SEQUIM –– Consumption will factor more into the bills of city water users if a new rate structure is approved by the Sequim City Council.
Public Works Director Paul Haines presented the council last week with a revamped structure for water rates that would lower the base consumption rate from 800 cubic feet of water per month to 600 cubic feet.
Additional consumption charges would be applied to those who use between 600 to 1,600 cubic feet.
Those who use more than 1,600 cubic feet would pay an additional 25 percent per cubic foot.
“Our thought in lowering that is to make rates more conservation sensitive and to give our customers more control over how much they want their bill to be,” Haines said.
A public hearing on the proposed rate structure, followed by consideration of approval, is scheduled for the next city council meeting at 6 p.m. Oct. 13 at the Sequim Transit Center, 190 W. Cedar St.
The council had raised water and sewer rates by 4 percent for all users in the 2014 budget.

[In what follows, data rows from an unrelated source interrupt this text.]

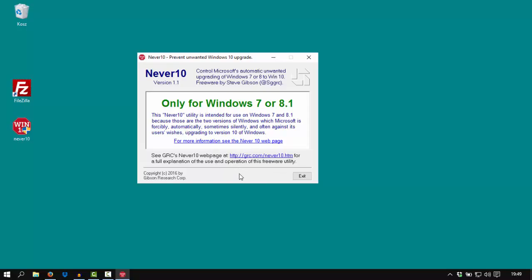I will put up the link in the description of the video so you can download it very easily. And if you like it, visit the site of the author, it's grc.com, or subscribe to my channel so I will show you some other things about Windows 10, Windows 7, or Windows 8.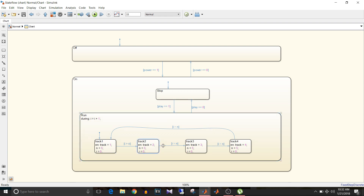Now the question arises: if track two state is active and either play or power become zero so no track is played, what happens when power and play become one again? It will start with the default state, which is track one. But if you remember a CD player or any song playing app, it resumes from where it stopped. This is where the history junction comes into picture — instead of going to the default state it allows the previous state to be active, so it will resume from track two.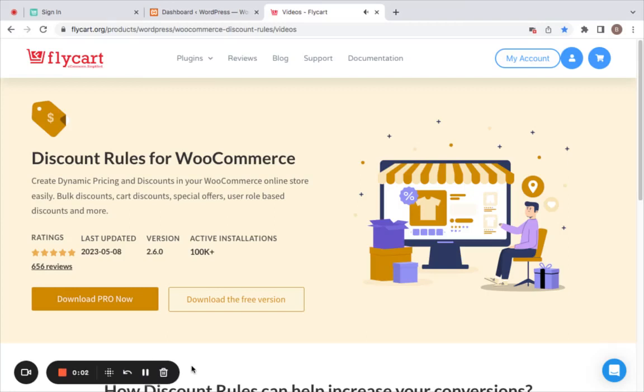Hello everyone, this is Benita. In this video I'm going to show you how to install and activate the Discount Rules plugin, which is very useful for creating dynamic pricing and discounts in your WooCommerce online store.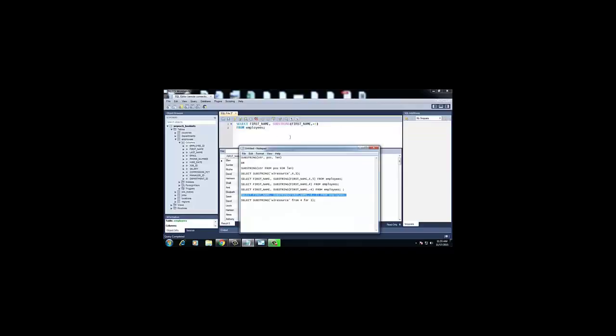The next example uses a negative value as position along with a length. The command is: SELECT first_name, SUBSTRING(first_name, -4, 2) FROM employees — where -4 is the position and 2 is the length. For the second row 'Sundar', the output is 'nd', because it starts from position -4 (which is 'n' counting from the right) and takes 2 characters.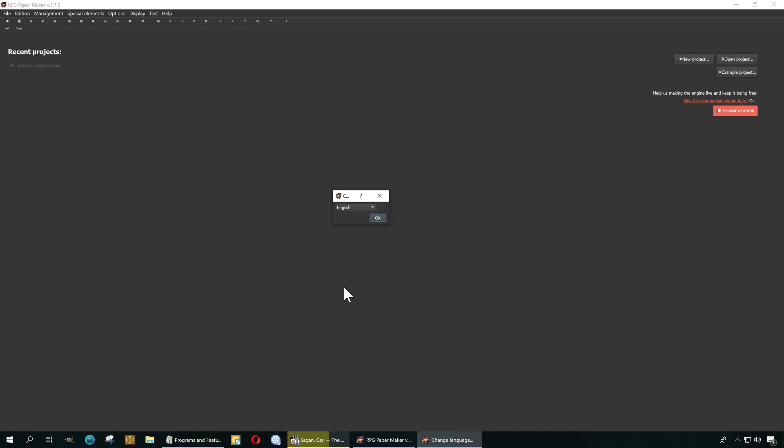I want to show you this game engine, it's called RPG Paper Maker, which is totally not a rip-off of RPG Maker. Before we begin, don't forget to smash the like button below and subscribe.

The base rate for water service for a single-family home rose from $22.22 per month to $23.11 per month.
The base rate for sewer service rose from $58.42 per month to $60.76 per month.
City officials studied water rates over the past year with the goal of making rates more equitable and to encourage water conservation.
The city currently has 69 customers who use more than 1,600 gallons per month, Haines said.
Another 190 customers would be paying higher rates under the plan because they use more than 600 gallons per month and less than 800 gallons.
“Hopefully, they can reduce their use and realize those savings,” Haines said.
The plan calls for changes to the rate structure to be phased in over the next four years.
A study by Peninsula Financial Consulting last year said the city needed 4 percent annual revenue increases in each of the water and sewer funds through 2019 to fund capital improvements that will be needed in the next several years.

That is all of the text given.